Segment Open
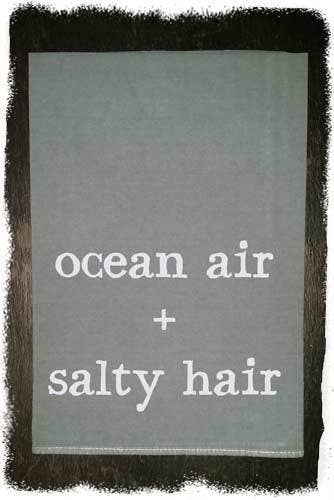 Ocean Air + Salty Hair - 30" x 30"
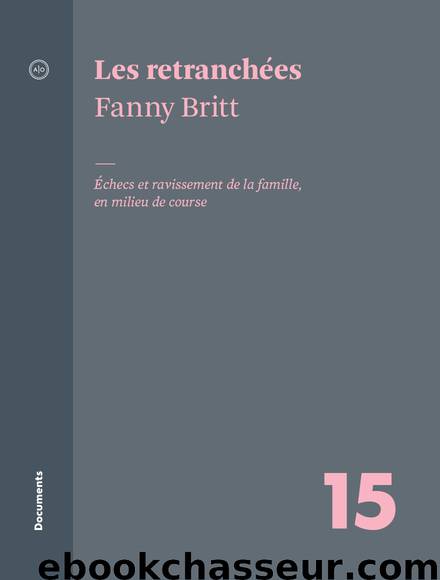 Les retranchées by Fanny Britt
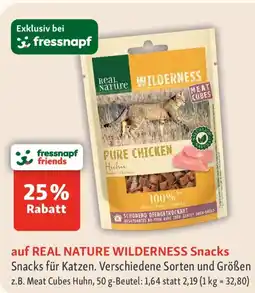 Fressnapf auf REAL NATURE WILDERNESS Snacks Angebot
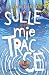 Sulle mie tracce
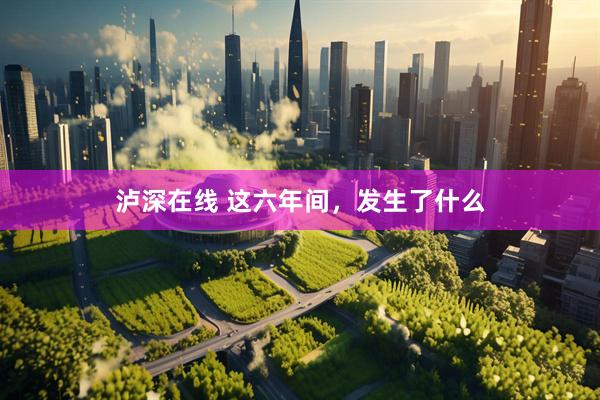 泸深在线 这六年间，发生了什么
Segment Closed
A faithful copy is needed: reproduce all of the data above, leaving the pictures out.

 Ocean Air + Salty Hair - 30" x 30"
 Les retranchées by Fanny Britt
 Fressnapf auf REAL NATURE WILDERNESS Snacks Angebot
 Sulle mie tracce
 泸深在线 这六年间，发生了什么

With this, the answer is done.